• _PROBLEM STATEMENT_
Word for word, quote the lines from the one containing "Resim Olağan Hikâye 12.Sayı" to the end of the entries below, including both. Leave pictures out.

(Short descriptive text snippets)
******************************
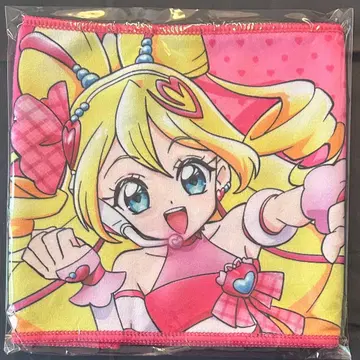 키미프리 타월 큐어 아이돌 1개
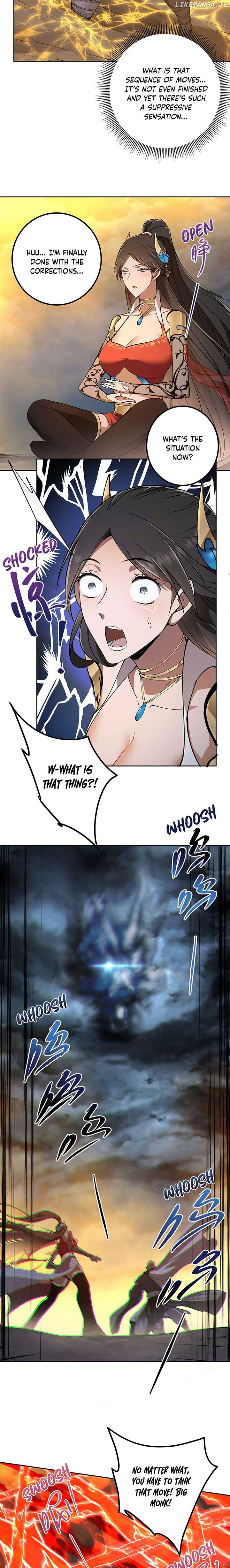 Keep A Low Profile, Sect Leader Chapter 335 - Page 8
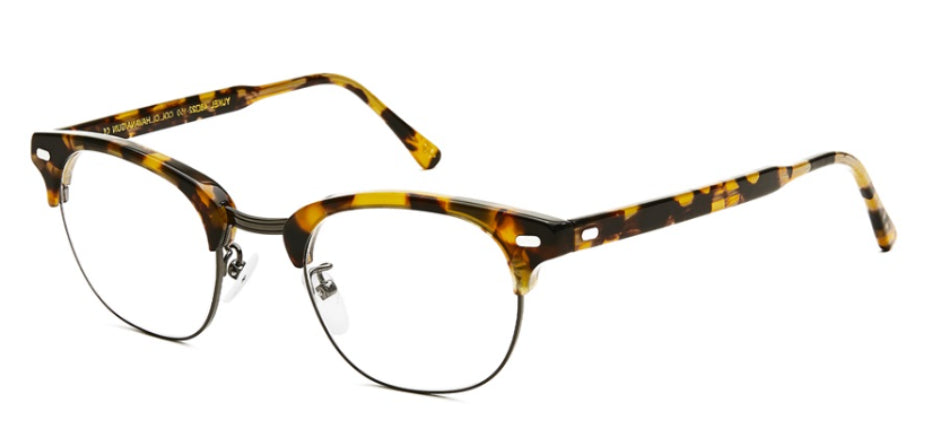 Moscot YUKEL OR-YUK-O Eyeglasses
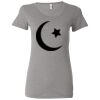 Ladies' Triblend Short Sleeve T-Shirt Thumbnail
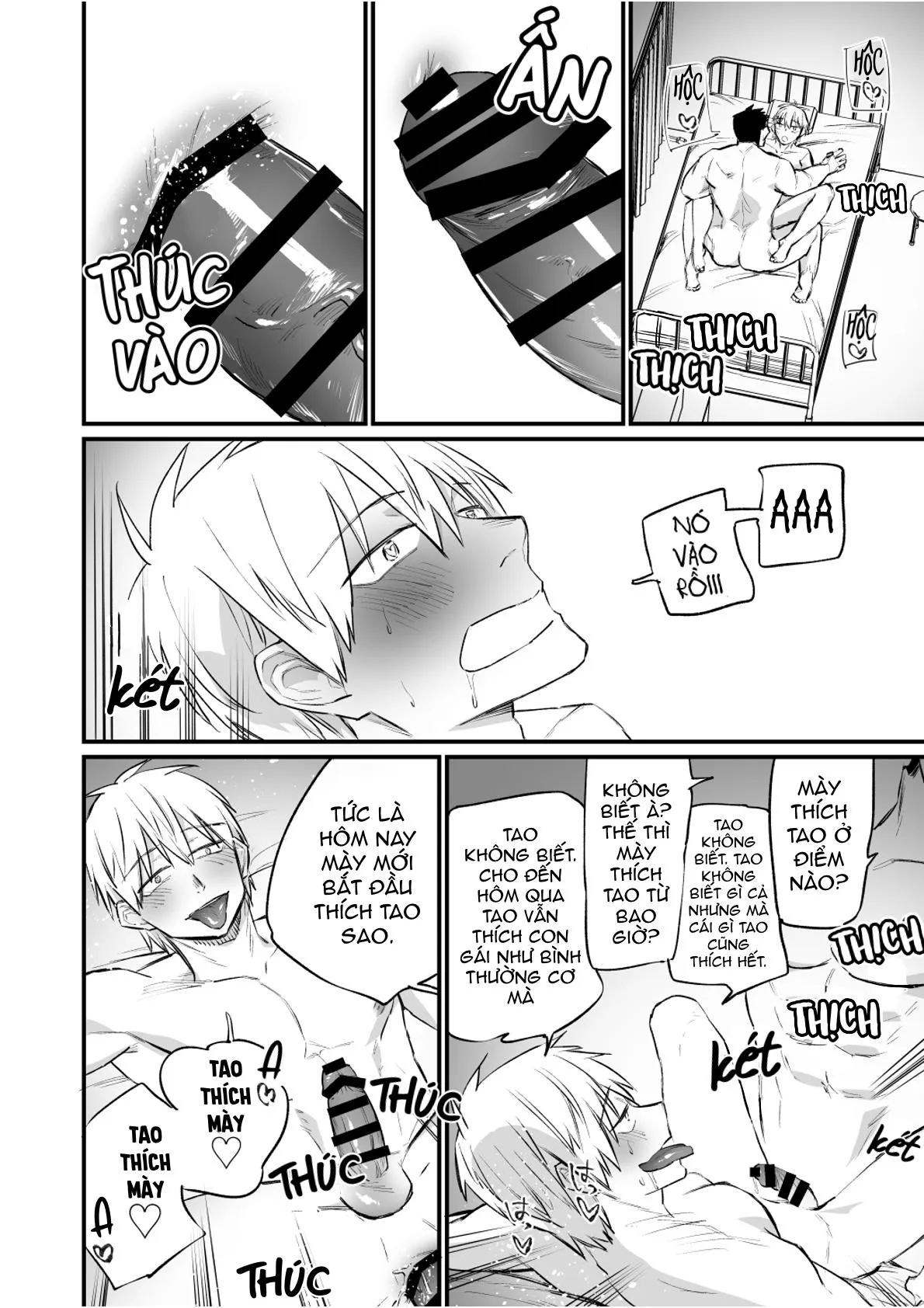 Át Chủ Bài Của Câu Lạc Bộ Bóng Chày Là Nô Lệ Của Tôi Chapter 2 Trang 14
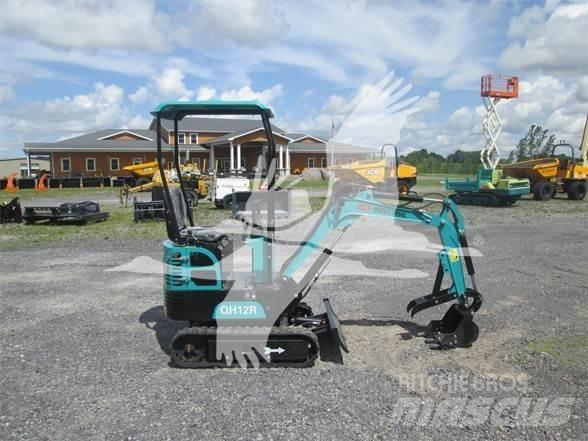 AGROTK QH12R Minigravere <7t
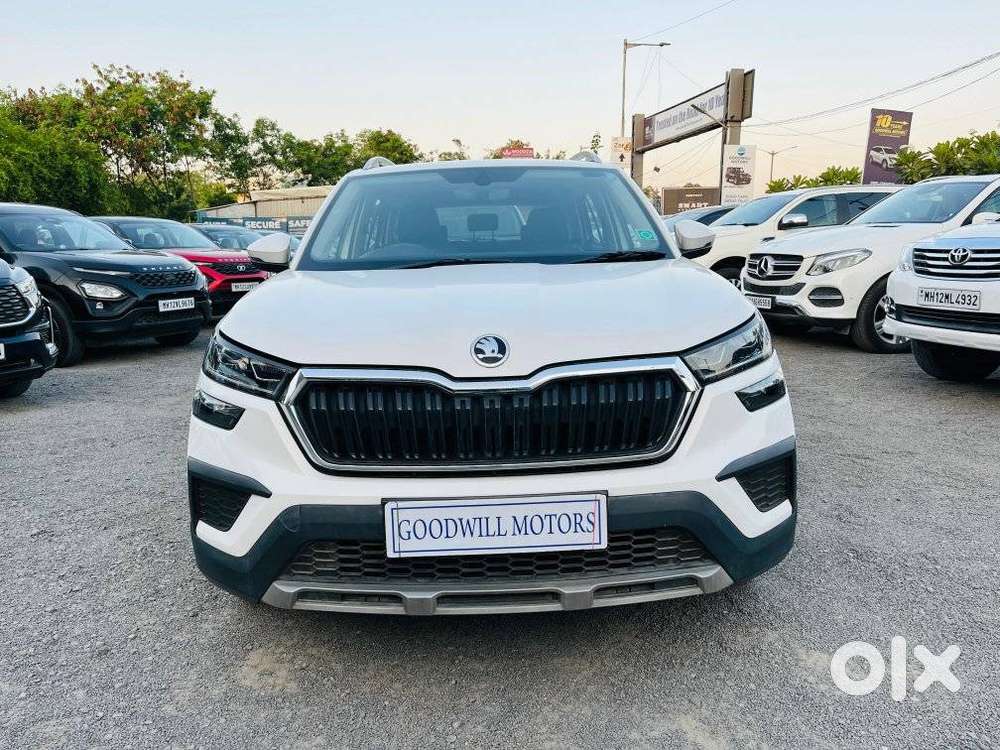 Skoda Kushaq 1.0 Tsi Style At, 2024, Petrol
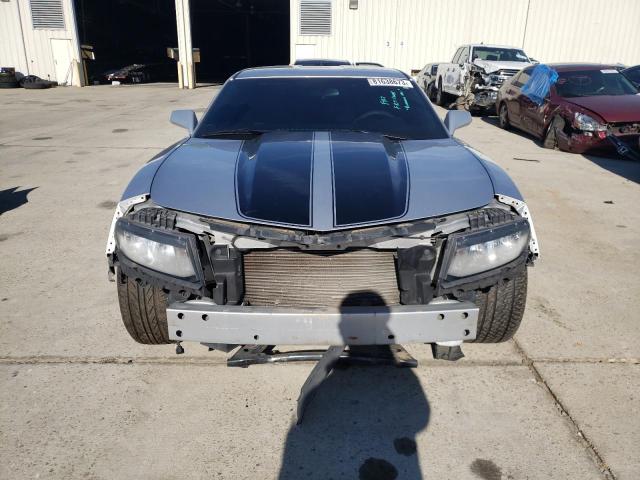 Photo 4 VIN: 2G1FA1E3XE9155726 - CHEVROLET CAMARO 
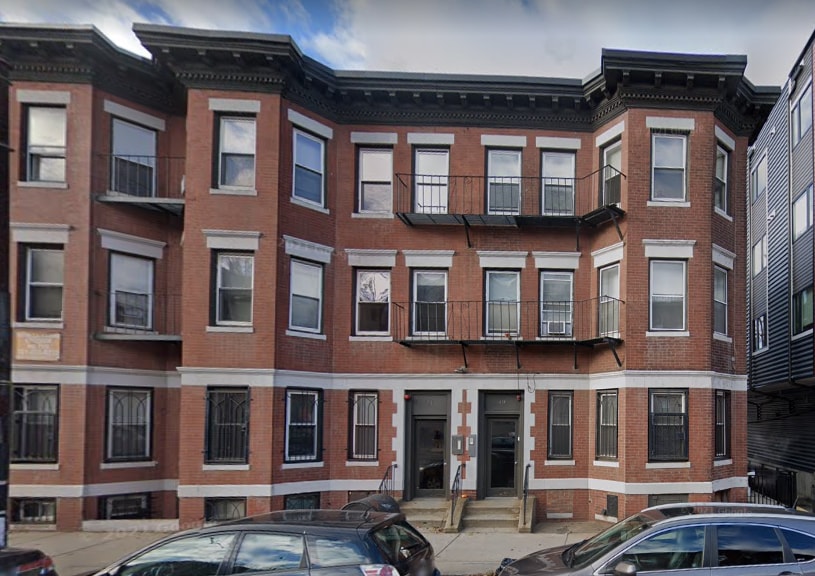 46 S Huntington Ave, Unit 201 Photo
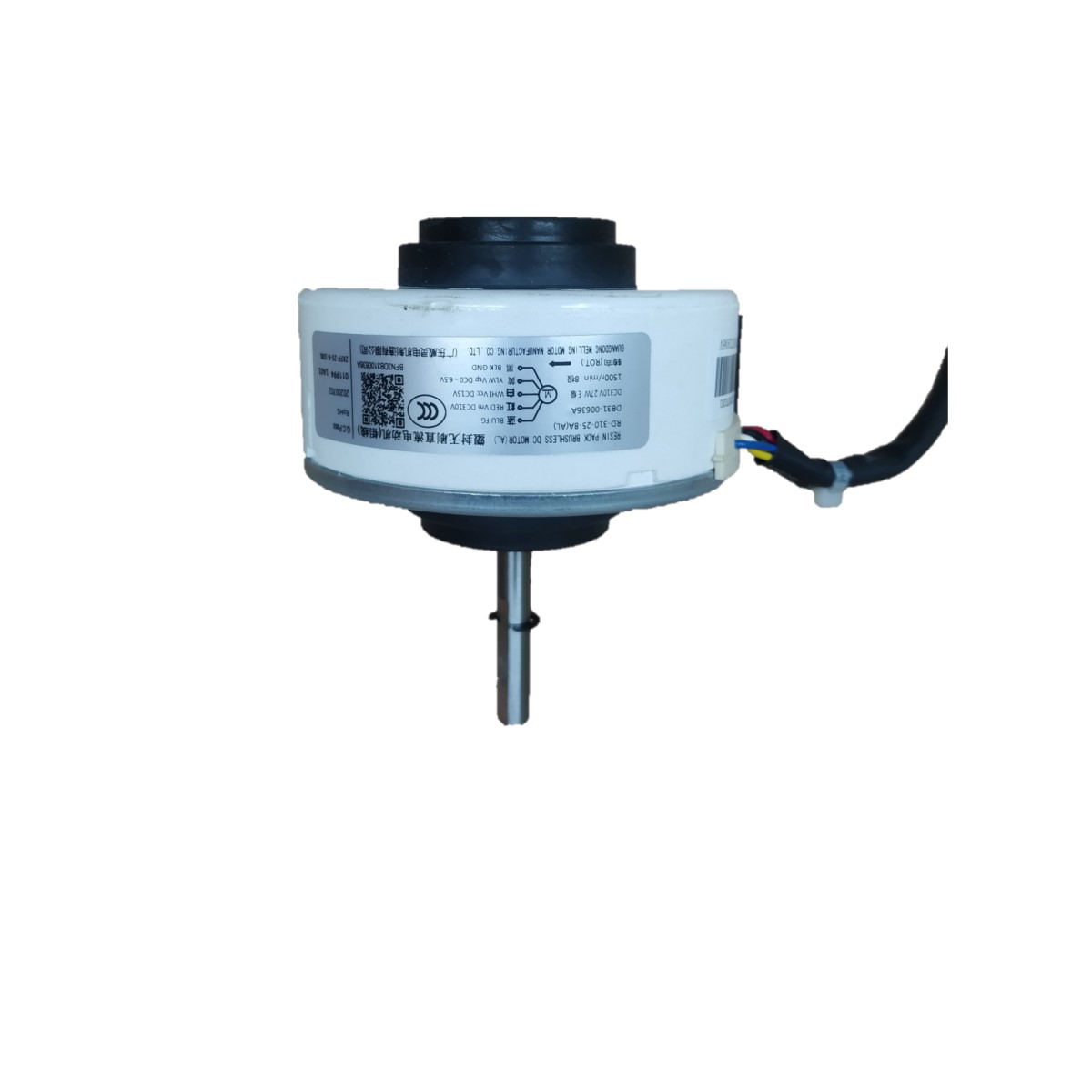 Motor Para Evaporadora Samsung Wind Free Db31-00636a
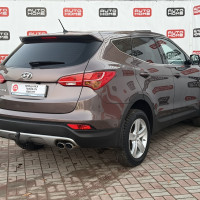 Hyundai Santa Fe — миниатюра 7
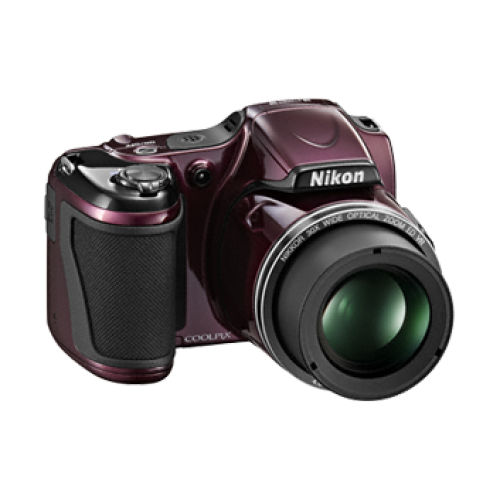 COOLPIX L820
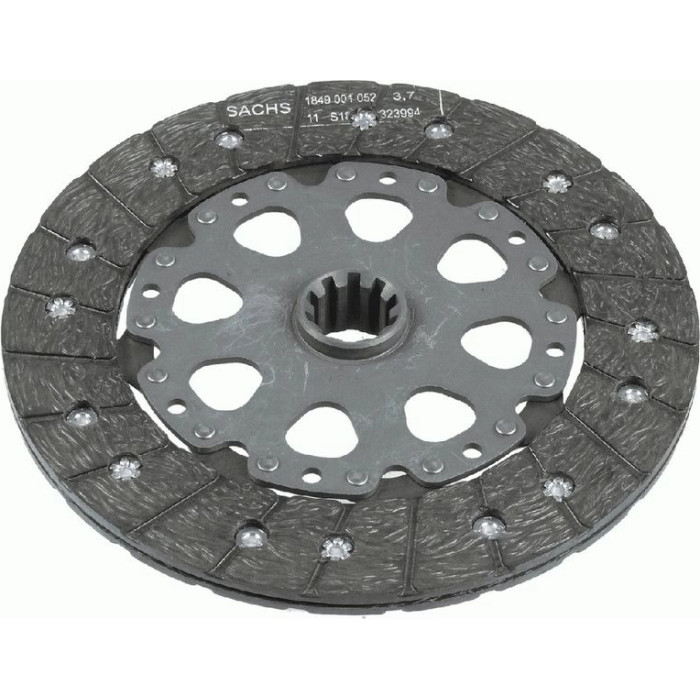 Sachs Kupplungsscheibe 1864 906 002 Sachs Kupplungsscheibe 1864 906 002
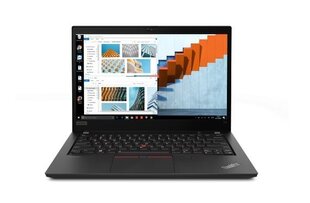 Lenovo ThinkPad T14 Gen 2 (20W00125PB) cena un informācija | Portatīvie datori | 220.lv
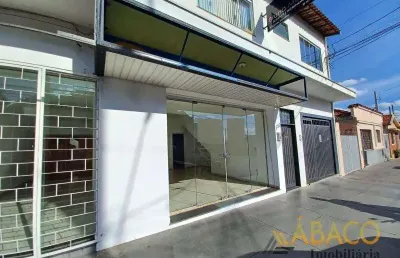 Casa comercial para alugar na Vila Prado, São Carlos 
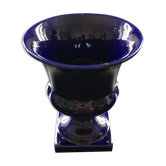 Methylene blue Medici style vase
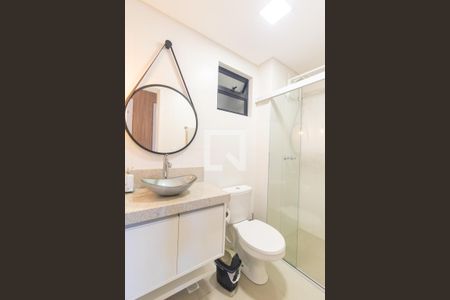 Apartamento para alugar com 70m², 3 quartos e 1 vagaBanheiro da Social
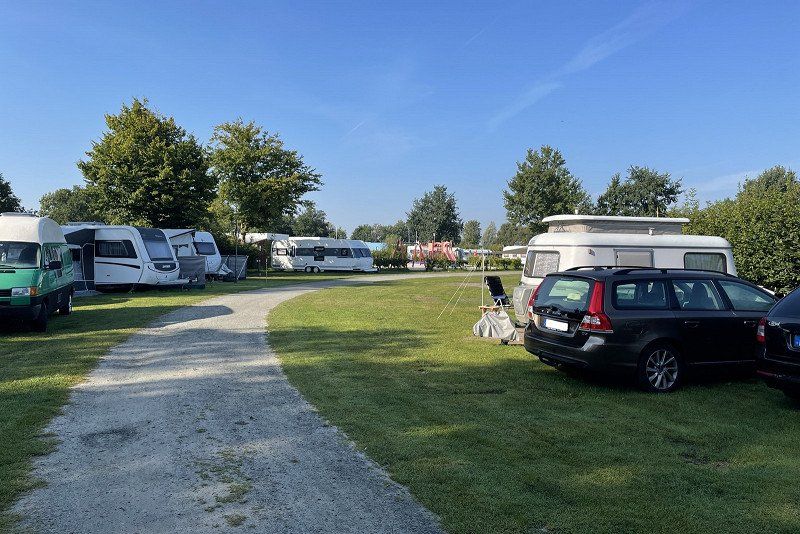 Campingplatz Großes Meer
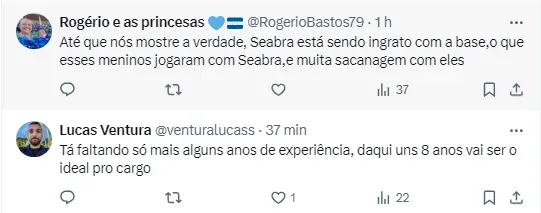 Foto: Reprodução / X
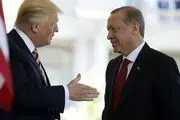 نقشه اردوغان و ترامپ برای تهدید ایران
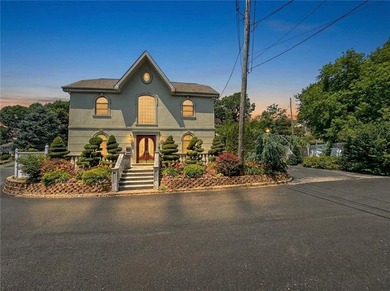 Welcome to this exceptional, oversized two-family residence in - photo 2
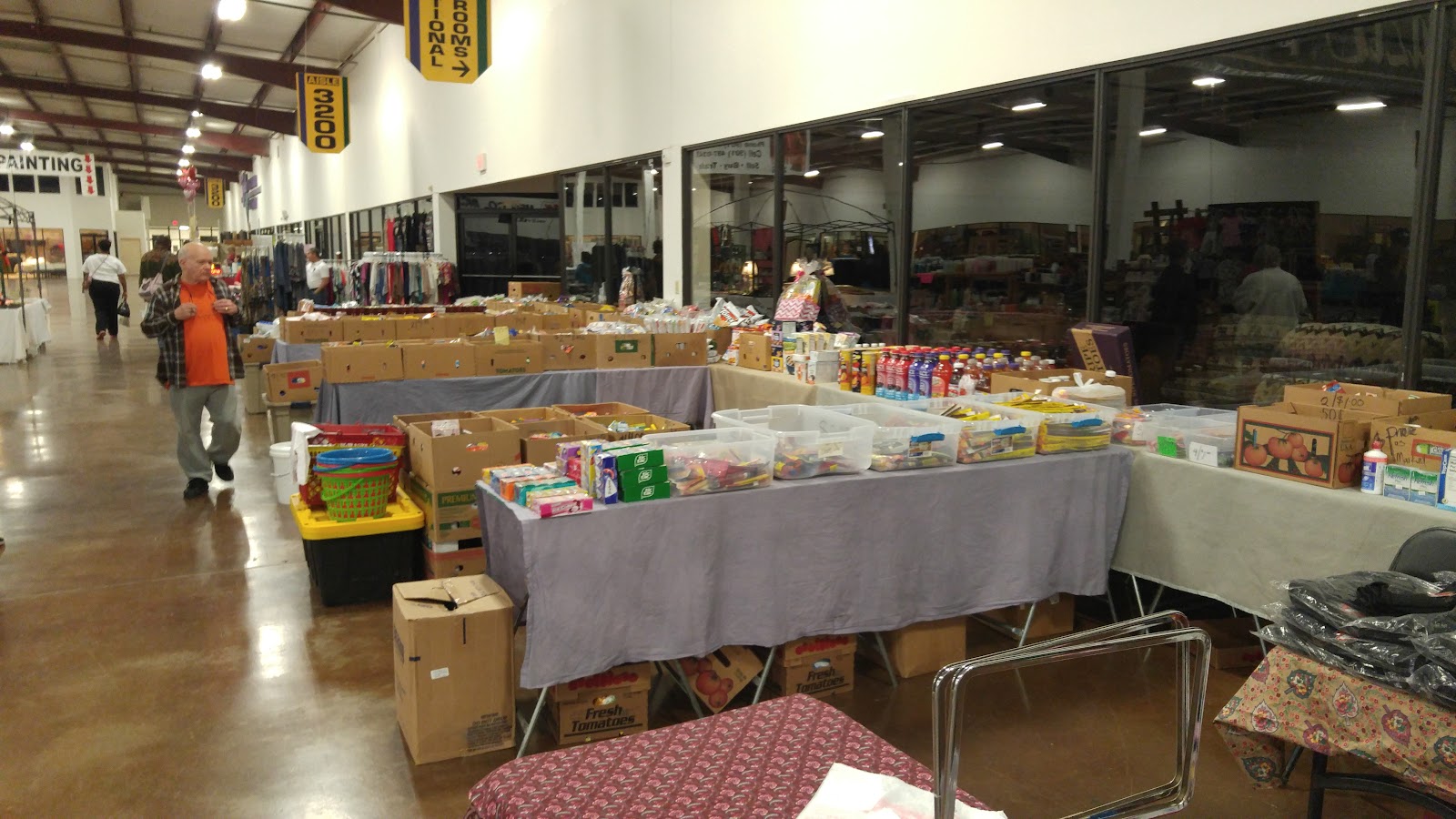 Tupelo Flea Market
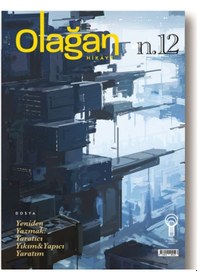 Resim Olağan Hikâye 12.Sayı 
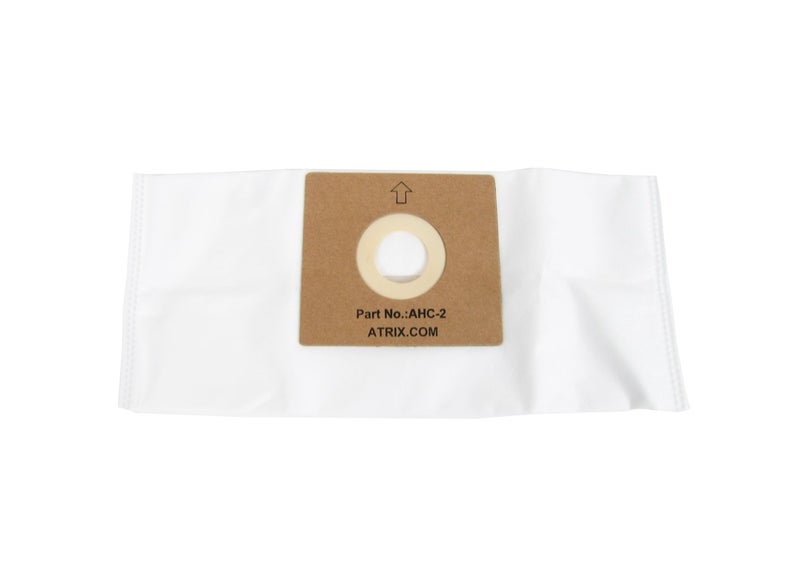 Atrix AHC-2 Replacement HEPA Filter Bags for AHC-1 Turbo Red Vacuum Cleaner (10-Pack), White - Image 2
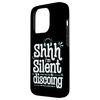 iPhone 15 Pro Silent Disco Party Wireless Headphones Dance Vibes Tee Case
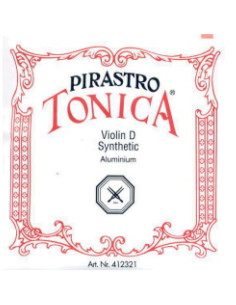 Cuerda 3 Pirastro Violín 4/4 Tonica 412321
******************************
• _RESULT OF THE TASK_
 Resim Olağan Hikâye 12.Sayı 
 Atrix AHC-2 Replacement HEPA Filter Bags for AHC-1 Turbo Red Vacuum Cleaner (10-Pack), White - Image 2
 iPhone 15 Pro Silent Disco Party Wireless Headphones Dance Vibes Tee Case
 Cuerda 3 Pirastro Violín 4/4 Tonica 412321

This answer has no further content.